Australia Pacific LNG is targeting FID by yearend on a 14-15 million tonne per annum (mtpa) project involving two LNG processing trains, and remains on schedule despite the recent contamination scare.
Conoco vice-president for investor relations, Clayton Reasor, was quoted saying in an October 28 report by PetroleumNews that buyer interest remained strong in Australia Pacific LNG’s gas.
“APLNG is engaged with several potential LNG buyers in support of moving to FID, but we’re not in a position to discuss information regarding specific market discussion at this time,” he was quoted saying.
“However, we plan to have an announcement regarding the sale of two trains of LNG before year-end.”
BG’s QCLNG could be the first to make a FID on its 8.3 mtpa project, however. According to The Australian, BG had been ready to give approval since the first half of 2010 and a decision was anticipated within weeks.
The Santos-led GLNG is also expected to decide on its first LNG processing train at the $16 billion project by the end of December 2010, with a decision on a second train for a 7.2 mtpa project due in 2011. Santos has announced plans to utilise up to US$4 billion worth of unconventional natural gas from its Cooper Basin reserves for the Gladstone CSG-LNG project, easing reported concerns over a potential gas shortfall for the second train.
A joint venture between Santos, Malaysia’s Petronas and France’s Total, GLNG is forecast to commence production from 2014 with Santos supplying 750 petajoules of gas per year. South Korea’s Korea Gas is also reported to be in negotiations with Santos over an equity stake and a long-term sales agreement.
The economic benefits of the projects are considerable, with BG’s QCLNG expected to generate $2.6 billion a year in GDP growth and create 4,000 jobs during construction. The GLNG is set to add $4.1 billion a year to the national economy and generate 4,300 jobs in its development.
The Queensland Government has forecast that an LNG industry exporting 28 mtpa of gas could add more than $3 billion a year to the state’s economy and contribute $850 million a year to the state’s depleted coffers.
Other LNG projects touted for Gladstone include one involving Shell and Arrow Energy, with Shell and PetroChina having acquired the former Brisbane-based independent earlier in 2010 in a $3.4 billion takeover. Japan’s Sojitz Corporation and Impel also have projects on the drawing board, while Perth-based Liquefied Natural Gas Limited has also continued to pursue its own, smaller 1.5 mtpa Fisherman’s Landing LNG project.

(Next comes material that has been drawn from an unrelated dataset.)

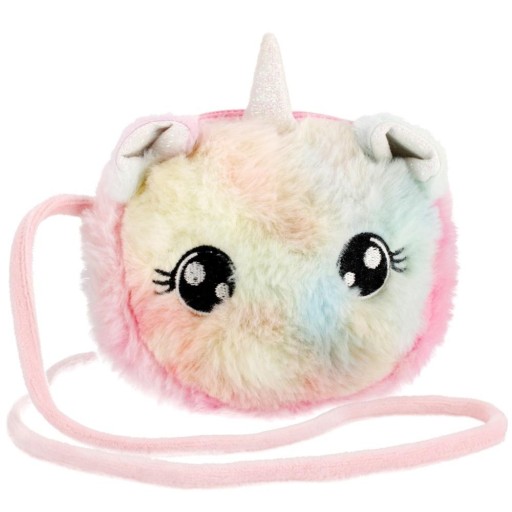 Plyšová taška cez rameno Unicorn STARPAK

Dart Energy has also said it could supply gas to an LNG project at a later date, utilising its assets in eastern Australia.
Consolidation is expected in the Gladstone projects, given their competing demand for resources, materials and other logistical considerations.
Bow Energy’s De Stefani said it was sensible for some collaboration on the projects, given the existing constraints.
“It makes sense for the projects to share common infrastructure, but it will depend on commercial offtake agreements and the LNG market,” he said.
“Two projects will likely go ahead, and anything beyond that is a plus for the industry and for suppliers such as Bow Energy.”
According to the company, the Gladstone LNG projects face a potential gas shortfall of up to 21,050PJ of 2P reserves, based on production projections for five projects (QCLNG, GLNG, Australia Pacific LNG, Shell- Arrow and LNG Limited).
Including forecast demand growth in the domestic market, De Stefani said Bow’s holding of the largest uncontracted gas reserves near Gladstone gave it a major opportunity to monetise its gas resource in multiple markets.
“There’s strong interest in our gas reserves and we are pursuing multiple development options, including power generation and the supply of gas for the domestic and export markets,” he said.
“Queensland is positioned to become a major part of the global LNG industry due to its tremendous gas resource. These are exciting times for the industry, and all Queenslanders will benefit from its sustainable development.”